壷阪:幾何学的でメカニックに聴こえるのに、なんだかすごくオーガニックなところが好きですね。あと、ケニー・ワーナーとかと一緒で、「子供が弾いてるように弾くっていうのが本当の自由だ」みたいな感じですよね。そういうのをダニーロはノン・グラヴィティって表現するんですけど、それはたぶんウェイン(・ショーター)のフィロソフィーだったと思うんです。「音楽を音楽だけにしない」ってこと。そういったところからは学ぶことが多かったと思います。


グローバル・ジャズ・インスティテュートのクリニックの一環で演奏するダニーロ・ペレス、ジョン・パティトゥッチ、ブライアン・ブレイド

―それは確かに壷阪さんに通じるところですよね。フリージャズから始まってますしね。

壷阪:でも、個人的にはヴァディム・ネセロフスキーというピアニストが、心では本当に通じていたと思います。彼もまた(小曽根と同じく)ゲイリー・バートンのピアニストだったので、すごく不思議なんですけど。彼の言葉で印象的だったのが、「僕らはポエトリーの世界にいるんだ」ってこと。僕がバンドで「With Time」を録音して、意気揚々とヴァディムに聞かせたら激怒して「なんでドラムをこんなに大きくするんだ! 作ったハーモニーが台無しじゃないか!」って言われたんです。「いいか、僕らはポエトリーの世界にいるんだから、この部分が花開いていくのが大事なんだ」って言われて、納得しました。
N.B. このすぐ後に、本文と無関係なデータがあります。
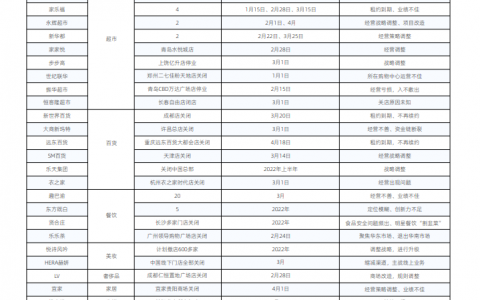 康宝莱持续加码数字化战略升级，赋能服务商拥抱数字时代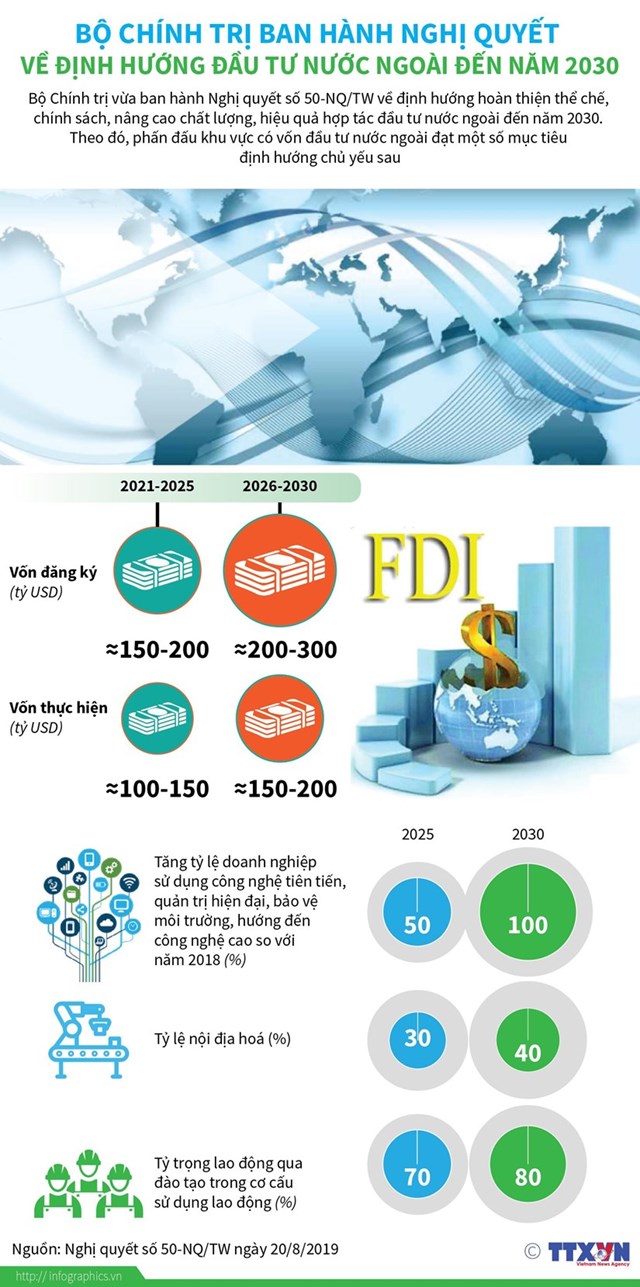 [Infographic] Nghị quyết về định hướng đầu tư nước ngoài đến năm 2030 - Ảnh 1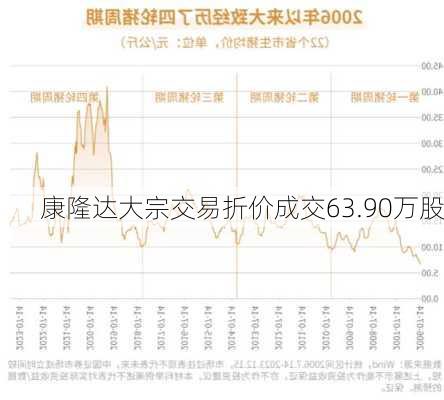 康隆达大宗交易折价成交63.90万股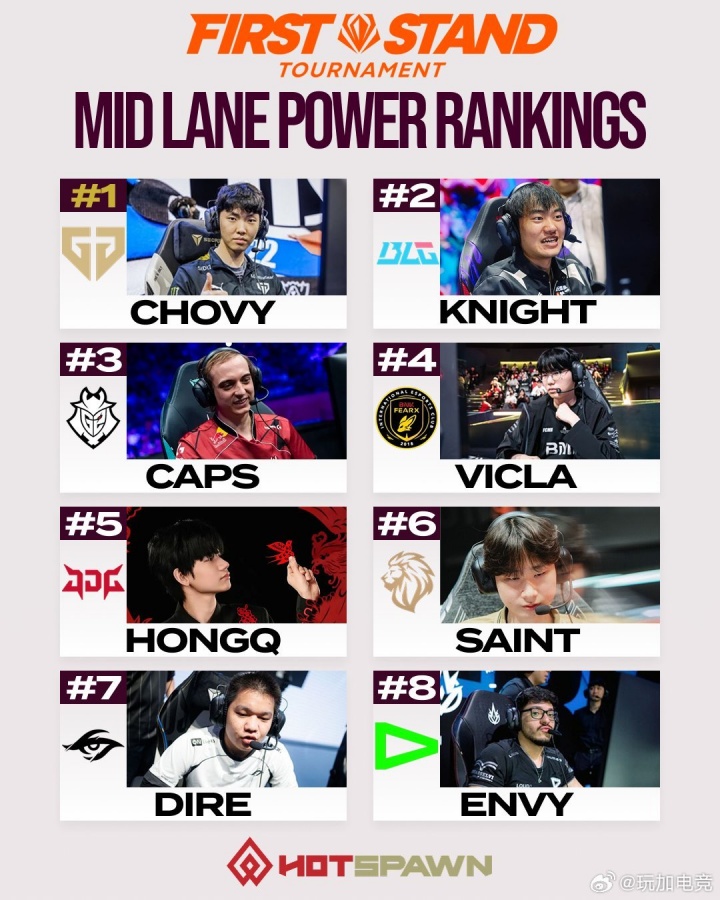 外媒评级先锋赛中单：Chovy第一 Knight第二 Caps第三 HongQ第五【球盟会】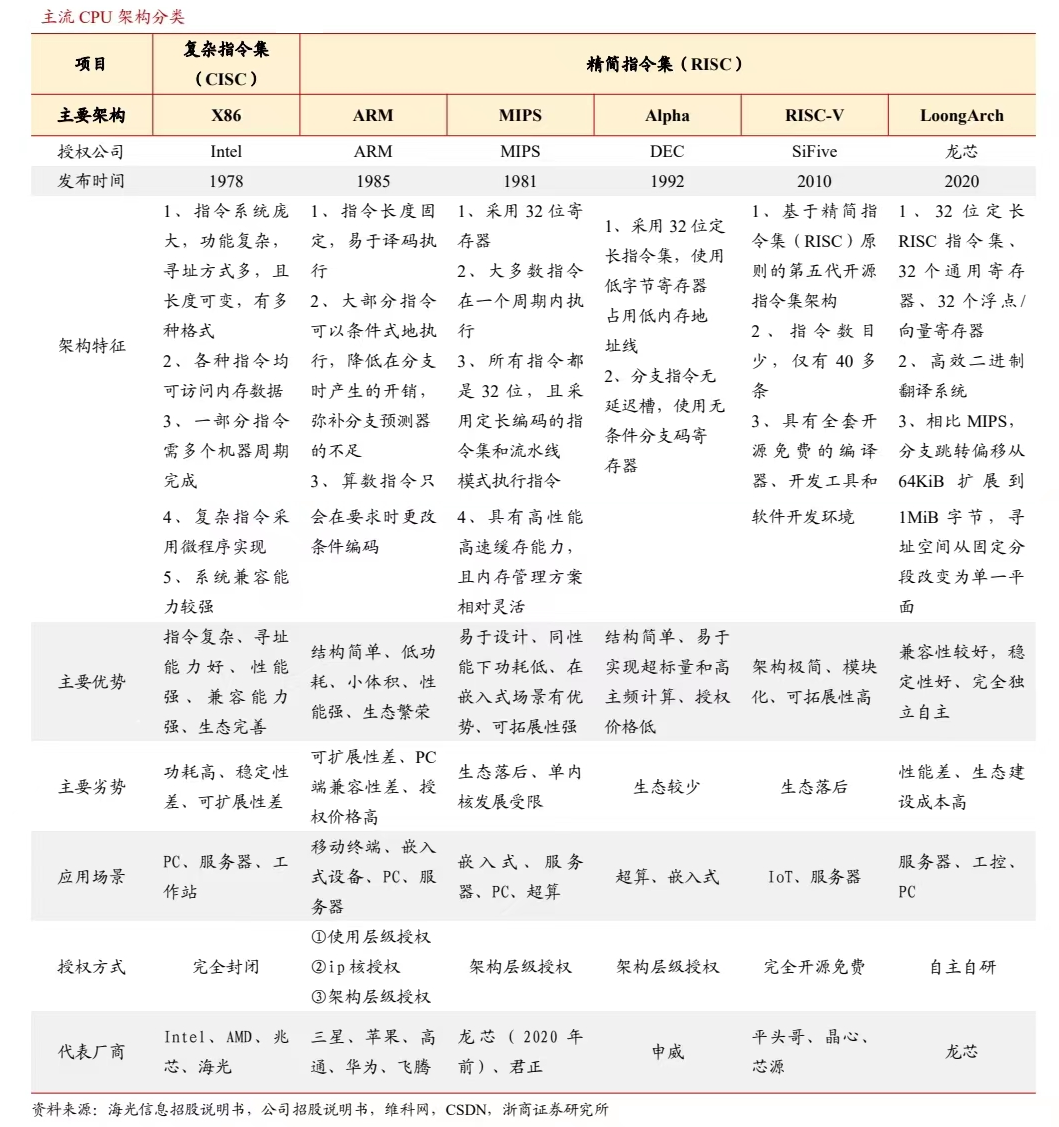 指令系统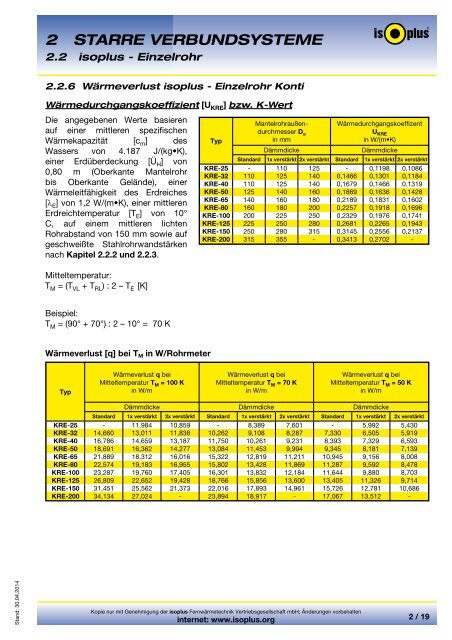 2 STARRE VERBUNDSYSTEME 2 - isoplus FernwÃ¤rmetechnik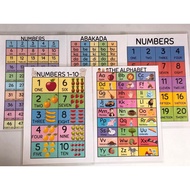 Educational Chart, Numbers Alphabet and ABaKaDa (A4 Laminated)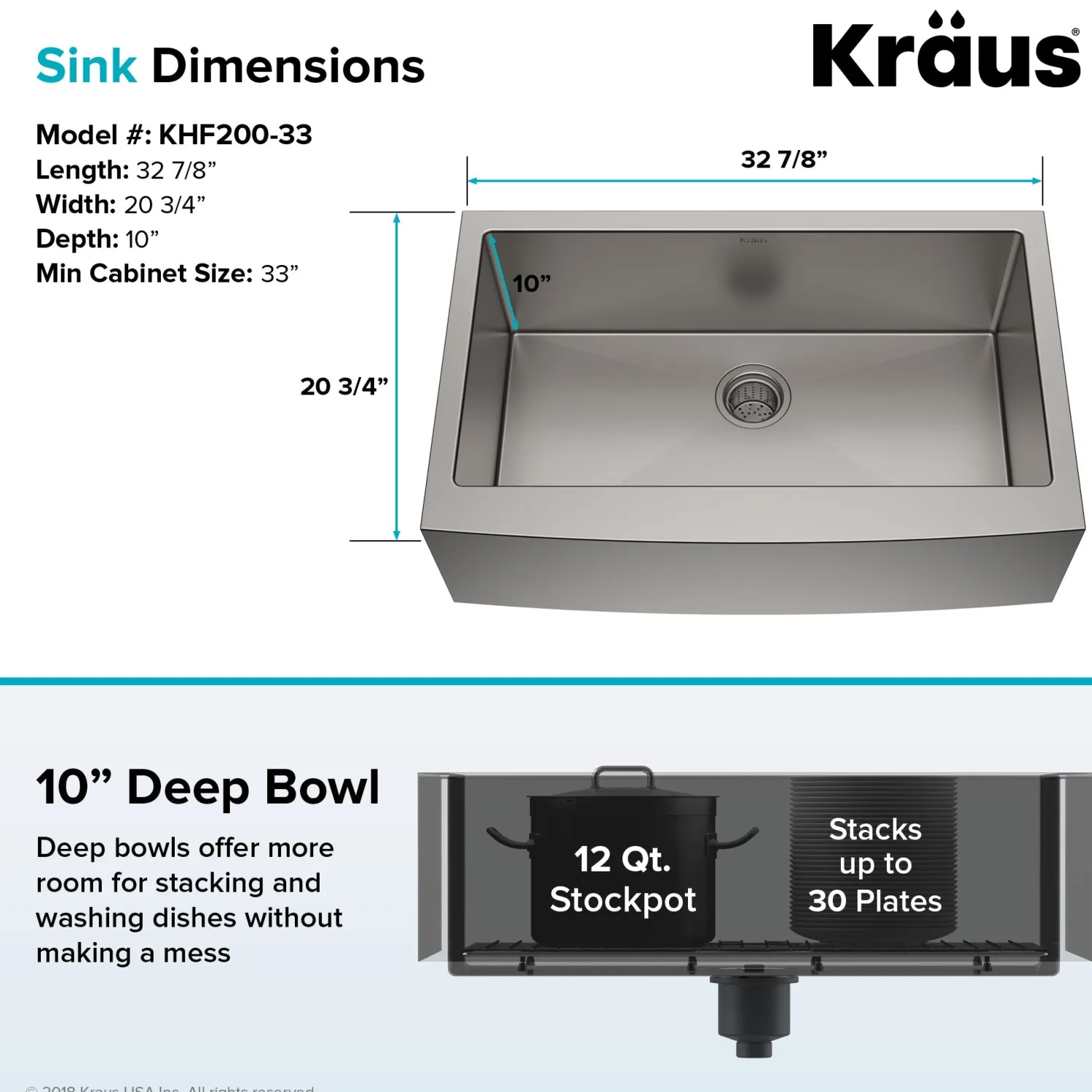 Online 33" Farmhouse Single Bowl Stainless Steel Kitchen Sink with NoiseDefend Soundproofing Stainless Steel Sinks|Single Bowl Sinks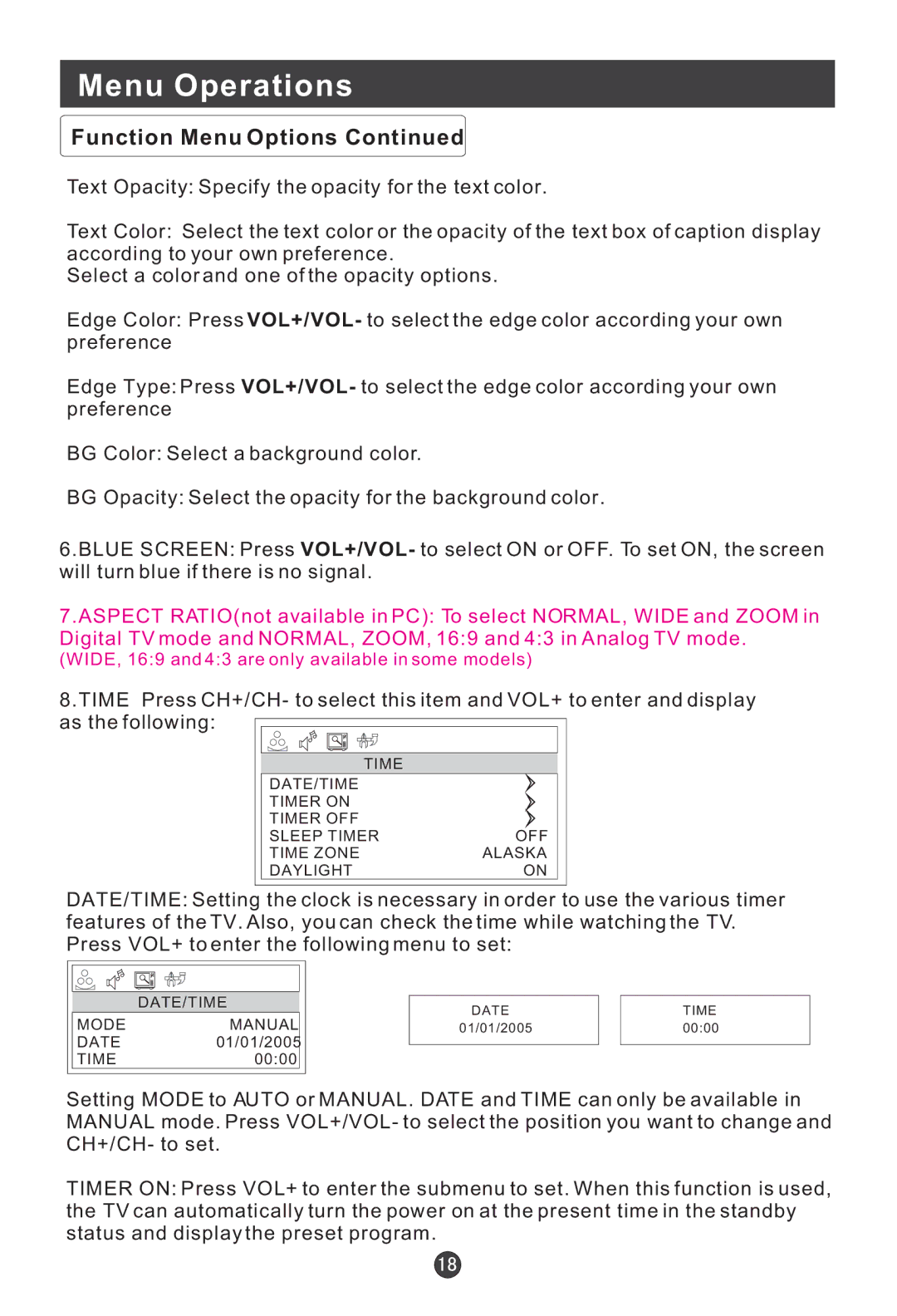 Haier HL19E, HL19W, HL22E, HL15E, L15B user manual As the following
あと僕はフランシスコ・メラの授業をずっと取っていたんです。彼は本当にフリーな人なんですよ。マッコイ(・タイナー)のバンドにいたことで有名ですけど、彼自身は(ポール・)モチアンの系譜で。とにかく僕と演奏して「お前はプー(菊地雅章)みたいに弾くんだ! ポール・ブレイみたいに弾くんだ。彼らを聴け!」って言われたので、ずっと聴いていました。だから、完全に統制されたパット・メセニーやヴァディムのようにクラシカルでソリッドな世界と、全部インプロビゼーションみたいな世界が両方あって。あとは、ちょうどクリス・デイヴィスもバークリーで教え始めていたので、そこからクリスにもハマったりもしました。


ヴァディム・ネセロフスキー


フランシスコ・メラと演奏する壷阪(2019年)

―ヴァディムは壷阪さんから見て、どんなミュージシャンですか?

壷阪:とにかくコンポーズ能力ですよね。僕がヴァディムから習ったのは、「テーマ→ソロ→テーマ」(の構造)じゃなくて、スルー・コンポーズドとしてやること。彼は「オリジナリティはコンポーズ(作曲)から生まれるんだ」という思想の持ち主でした。彼は即興するように作曲をして、作曲するように即興をしてる。彼はウクライナ出身ですけど、ロシアにも通じる情熱的なパッションを持っている人ですね。そして、ピアノが死ぬほどうまくて、とんでもない音がします。マジのピアノの音がするっていいますか。

―ヴァディムは元々クラシックの人ですよね。ヴァディムのもとで勉強していたときは、どんな作曲家を研究してました?

壷阪:リファレンスとして教えてくれたのは、Oregonのラルフ・タウナー、ライル・メイズ、パット・メセニー。あとはYellowjacketsのラッセル・フェランテですね。クラシックのピースだと、ラフマニノフのヴォカリーズ、(ガブリエル・)フォーレもありました。

―ラルフ・タウナーは例えばどの曲ですか?

壷阪:Oregonの『Take Heart』ですね。あと、ポール・マッカートニーの曲で「This Never Happened Before」。他にはキース・ジャレットのヨーロピアン・カルテットあたりのライティングの感じもトランジション(移行・推移)が細かく練られているので、最初から聴いても途切れるところがないんですよね。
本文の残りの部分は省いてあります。